About this exercise – Your copy of the data should match it exactly, leaving out only the pictures.

Material provided –
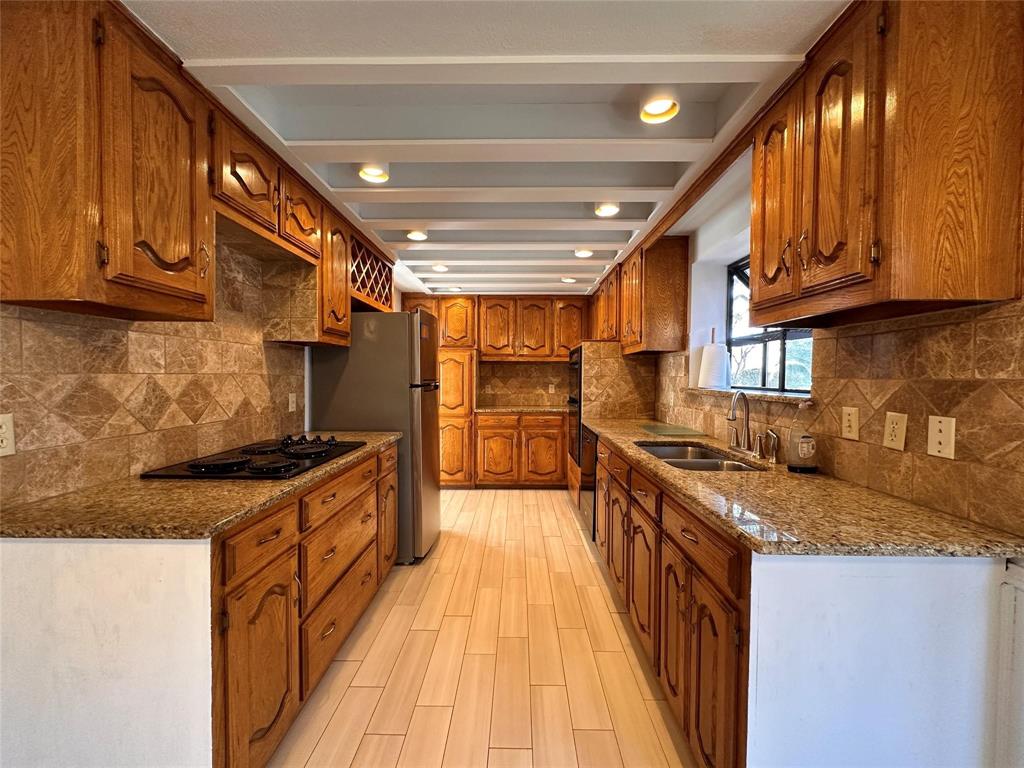 1030 Clinton Street Carrollton, TX 75007 - Photo 12 of 33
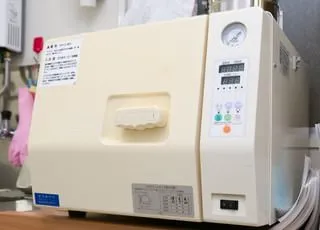 治療で使用する器具は滅菌器で清潔にしています。
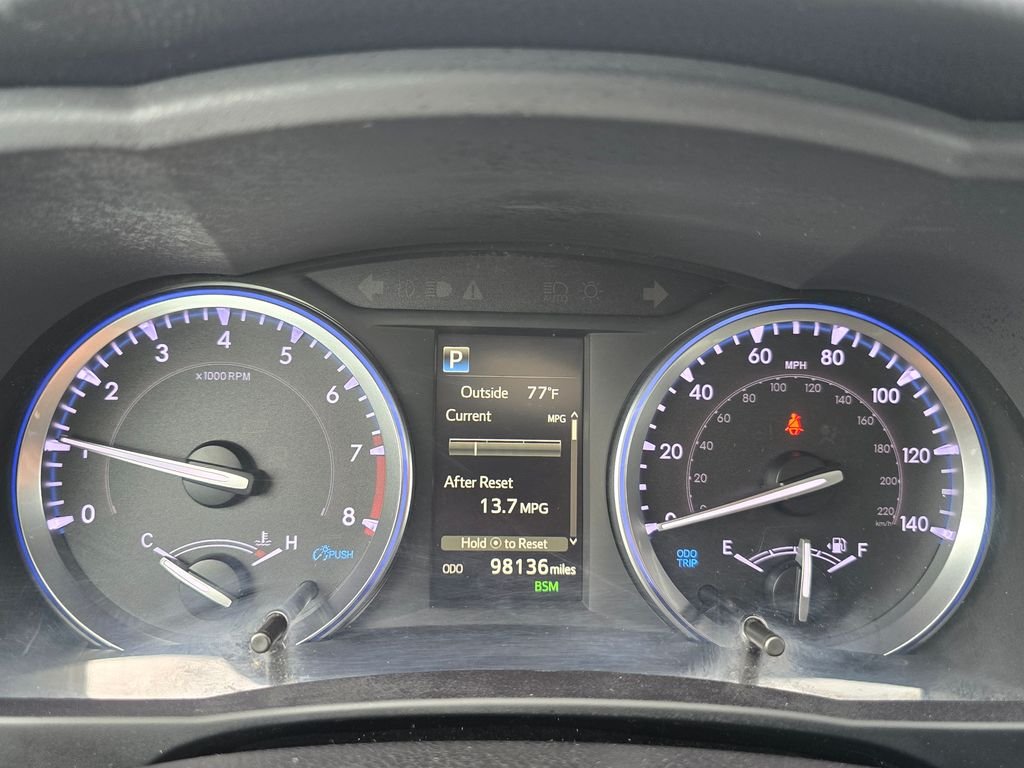 Used 2019 Black Toyota XLE image 27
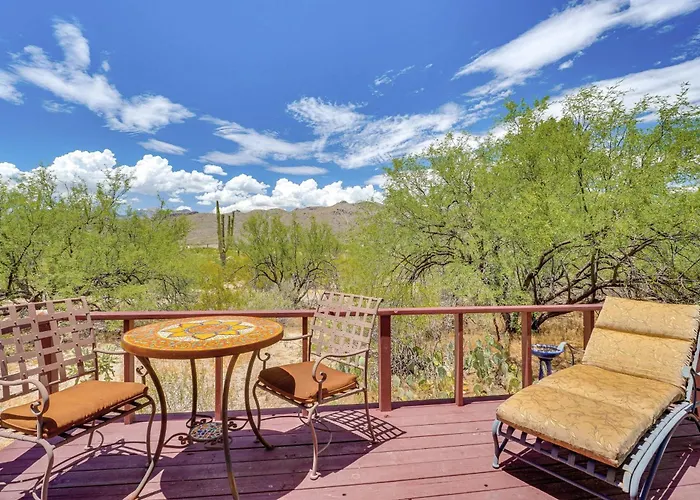 Chic Casita W/ Deck & Panoramic Views! Tucson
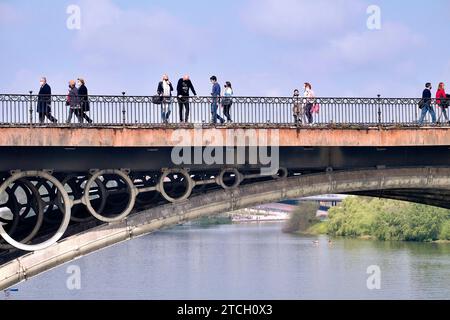 Seville, 03/07/2021. Taking advantage of the sun, people take to the streets of Triana. Photo: JM Serrano ARCHSEV. Credit: Album / Archivo ABC / Juan Manuel Serrano Becerra Stock Photo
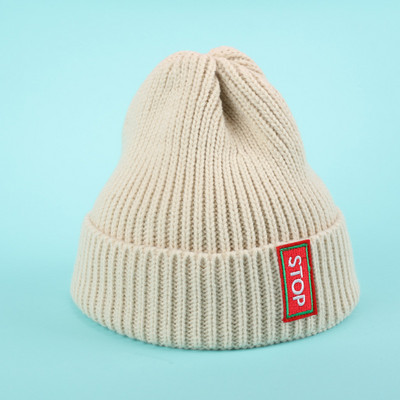 Πλεκτό γυναικείο καπέλο για το χειμώνα με επιγραφή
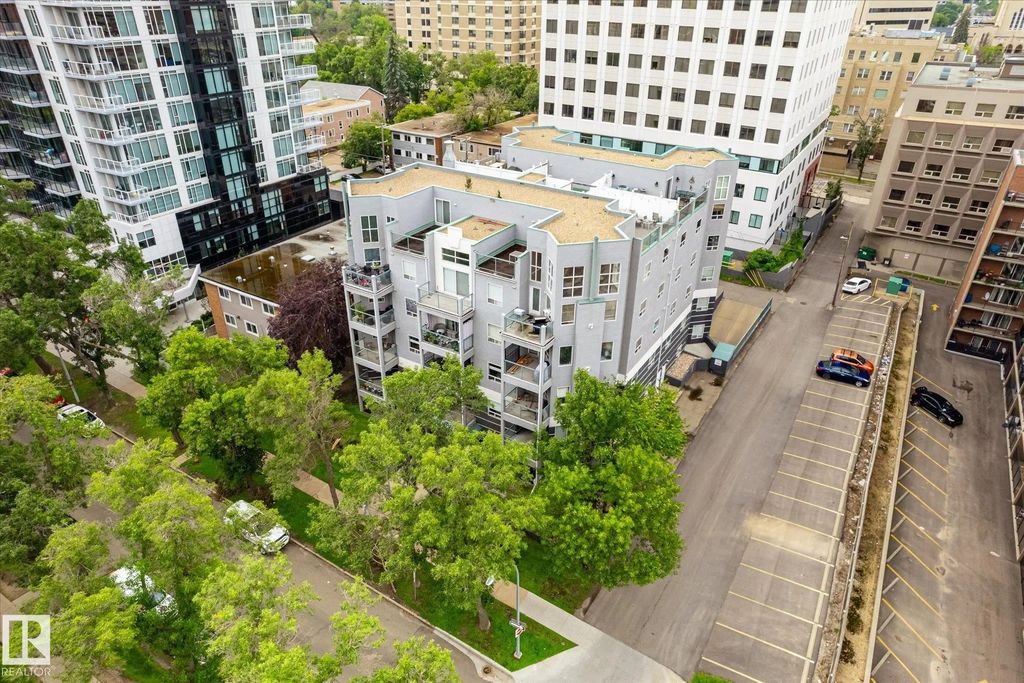 403 10046 110 Street Nw, Edmonton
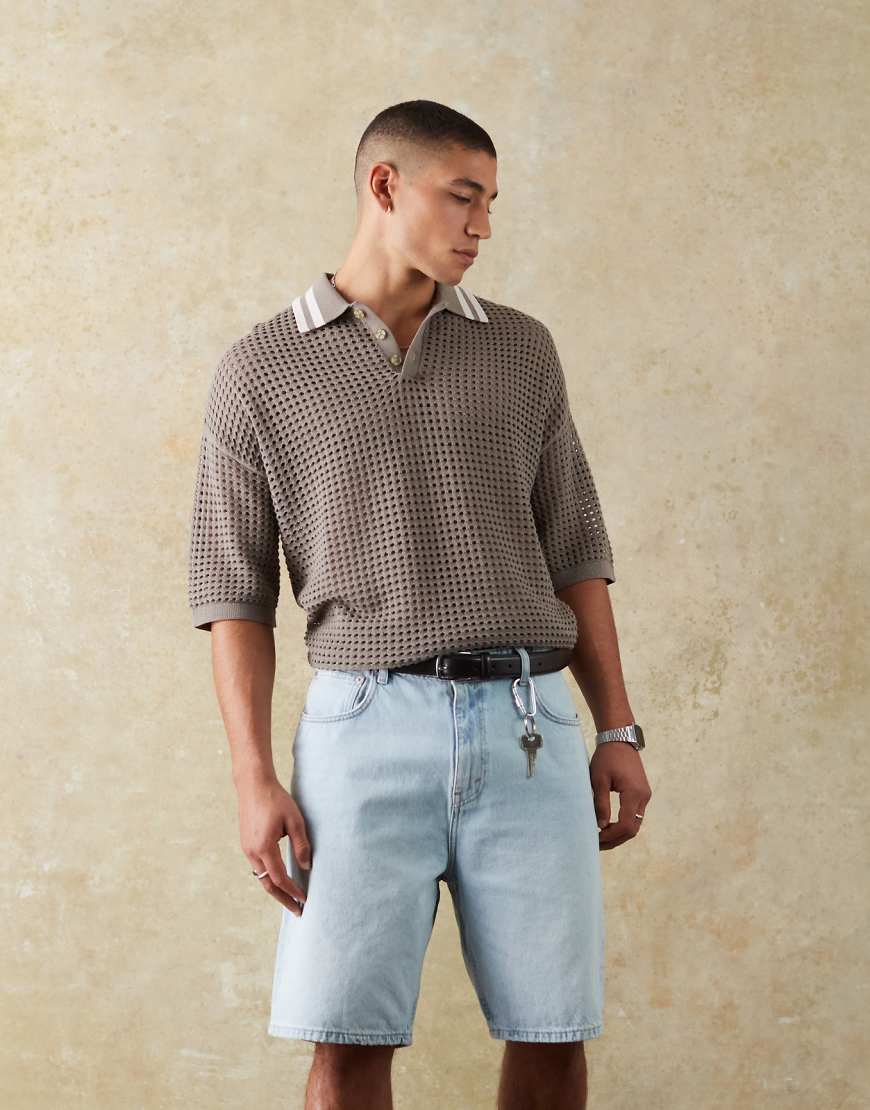 ASOS DESIGN - Relaxed Fit Polohemd aus offenmaschigem Pointelle-Strick in Braun mit Streifendetail am Kragen ASOS DESIGN - Relaxed Fit Polohemd aus offenmaschigem Pointelle-Strick in Braun mit Streifendetail am Kragen von ASOS DESIGN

Exercise solution –
 1030 Clinton Street Carrollton, TX 75007 - Photo 12 of 33
 治療で使用する器具は滅菌器で清潔にしています。
 Used 2019 Black Toyota XLE image 27
 Chic Casita W/ Deck & Panoramic Views! Tucson
 Seville, 03/07/2021. Taking advantage of the sun, people take to the streets of Triana. Photo: JM Serrano ARCHSEV. Credit: Album / Archivo ABC / Juan Manuel Serrano Becerra Stock Photo
 Πλεκτό γυναικείο καπέλο για το χειμώνα με επιγραφή
 403 10046 110 Street Nw, Edmonton
 ASOS DESIGN - Relaxed Fit Polohemd aus offenmaschigem Pointelle-Strick in Braun mit Streifendetail am Kragen ASOS DESIGN - Relaxed Fit Polohemd aus offenmaschigem Pointelle-Strick in Braun mit Streifendetail am Kragen von ASOS DESIGN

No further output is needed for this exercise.